Inutile dire che alla fine del viaggio Melania, intelligente e sensibile, dopo scontri, delusioni, battibecchi e situazioni comiche, accetterà la realtà diventando più serena e propositiva.
Anche Sabina Colloredo, scrittrice poliedrica e brillante, ha affrontato il tema della separazione dei genitori nel momento in cui i figli sono adolescenti in due libri pubblicati dalle edizioni Fanucci, Cbcr. Cresci che ripasso e Tutto di personale, centrati sul personaggio di Sara prima sedicenne, poi diciannovenne.
Che cosa l’ha spinta a scegliere proprio questo argomento fra le innumerevoli realtà di cui è composto l’universo giovanile?
L’esperienza della separazione è dolorosa, e soprattutto porta alla luce contraddizioni e disagi che il più delle volte resterebbero nascosti. Anche la madre e il fratello Danilo sono sconvolti: la normalità può essere scioccante, in certi casi più estrema di avventure proiettate in dimensioni futuribili.
I ragazzi hanno intuito, sanno riconoscere la verità, hanno un sistema di valori che fa loro percepire subito l’ipocrisia e la falsità...
Da una parte in una situazione familiare conflittuale la chiarezza aiuta a superare l’inevitabile ansia, ma nello stesso tempo produce confusione e grande rabbia, nel caso specifico contro il padre che abbandona il nucleo familiare.

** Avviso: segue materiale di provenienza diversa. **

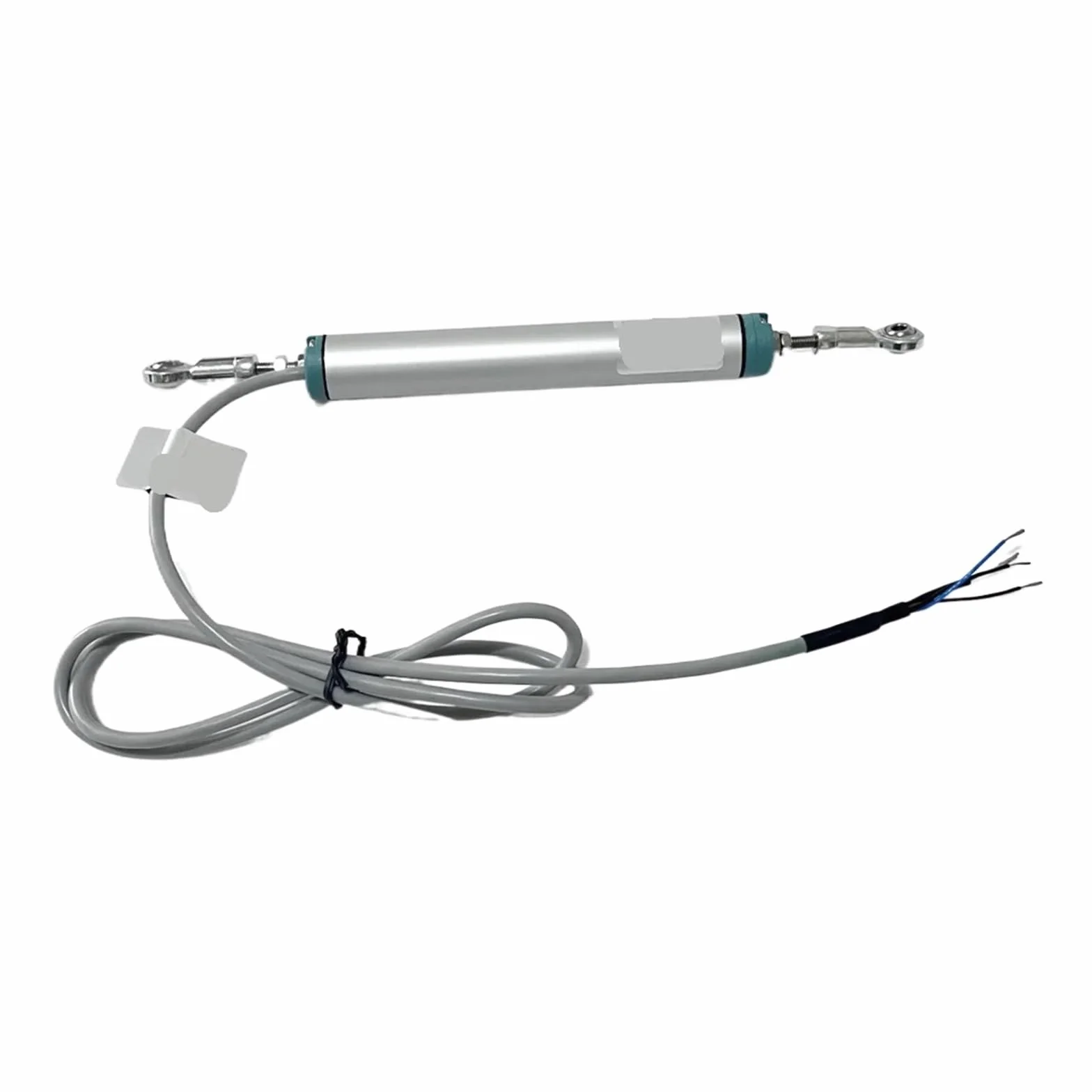 Sensor de Desplazamiento Lineal Sensor Lineal de Doble articulación Sensor de Recorrido de posición Lineal con Varilla Ocular 25mm 50mm 75mm 100mm 125mm 150 mm(V2 0-10V,150mm)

Sara è una ragazza provata dall’assenza del padre lontano, impegnato nella penisola arabica, in territori martoriati dai conflitti. Si occupa di “scuole, ospedali, cose così”. È famoso, intervistato dai giornali per la coraggiosa scelta di vita che ha compiuto, ammirato dai genitori degli amici, ma per la figlia è un vigliacco, non riesce a credere che un uomo che “quando aveva qualche linea di febbre stava nel letto a lamentarsi come un moribondo” sia diventato quest’eroe da teleschermo pronto a sfidare anche le bombe. Per lei è “diventato un cretino”, che ha distrutto per seguire i suoi sogni la sua famiglia, ha lasciato la mamma sola senza neppure porsi il problema delle difficoltà e del mantenimento economico dei figli.

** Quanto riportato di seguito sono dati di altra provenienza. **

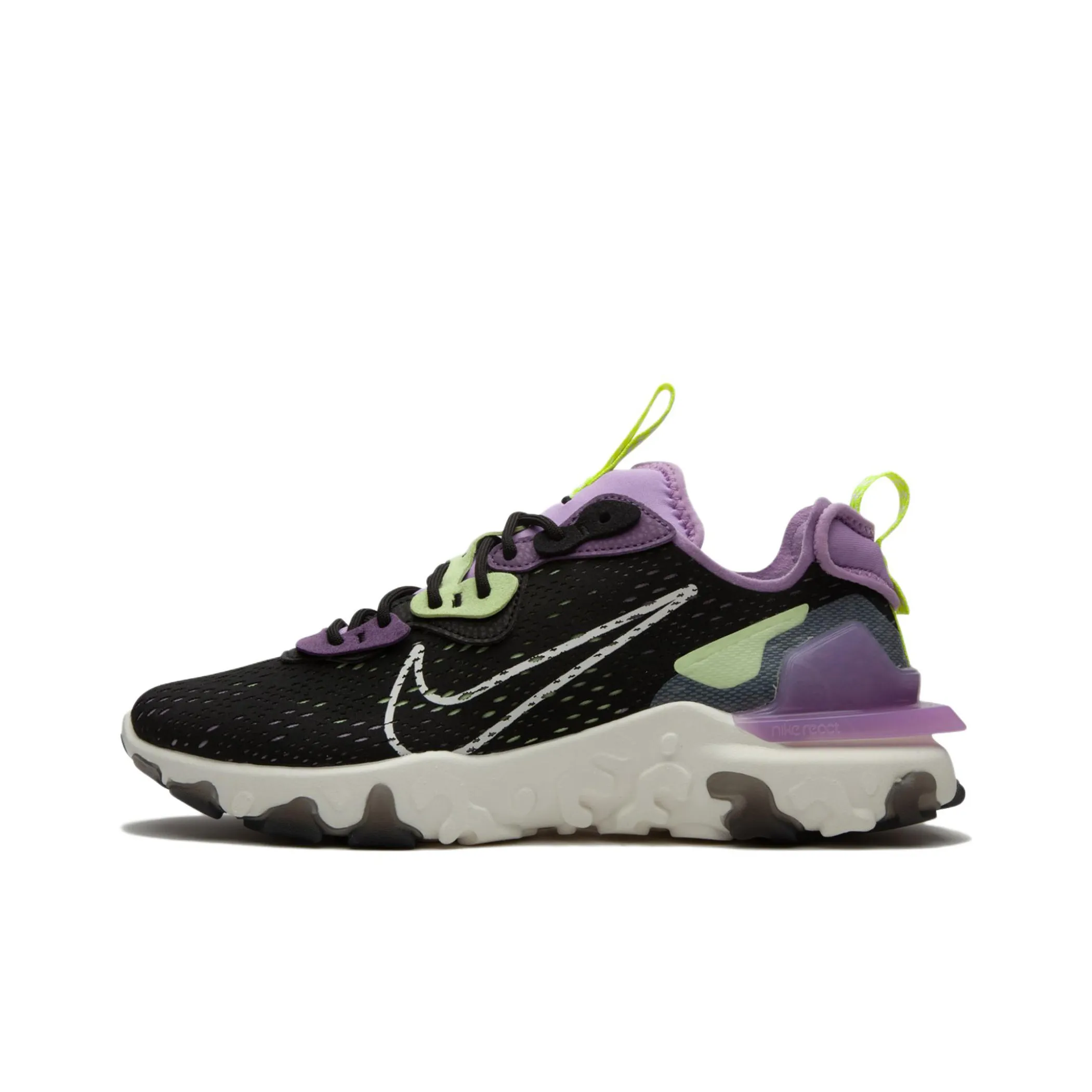 Nike React Vision Gravity Purple Volt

È insomma un padre latitante?
Per Sara sicuramente: perché, si chiede, invece di occuparsi di me pensa ai bambini arabi?
È quasi più perplessa che addolorata. Perché è successo?È colpa mia? Eppure “sono identica a mio padre, quando rido. Anche i capelli castano topo li ho presi da lui. Anche il colorito olivastro. E la propensione al dubbio e alla fuga. Siamo simili, io e lui. Allora perché se ne è andato?”.
Sono interrogativi a cui non è facile rispondere, forse ogni generazione avrebbe bisogno di una rinascita, oserei dire di una rivoluzione...
Progetti, sogni, paure: i giovani hanno tante vie da seguire. E cercare la propria vocazione, battersi per un’idea è fondamentale. Non so se occorra una rivoluzione, ma certamente ogni generazione a suo modo rinnova il mondo. Può anche avvenire nella famiglia, come nel modo di amare, perché in effetti la nostra epoca a piccoli passi ha anticipato l’età della pubertà, come dimostra la precocità di Sara e delle sue amiche, nonché del fratello a vivere esperienze sentimentali più libere di un tempo, ma più tumultuose e indecifrabili.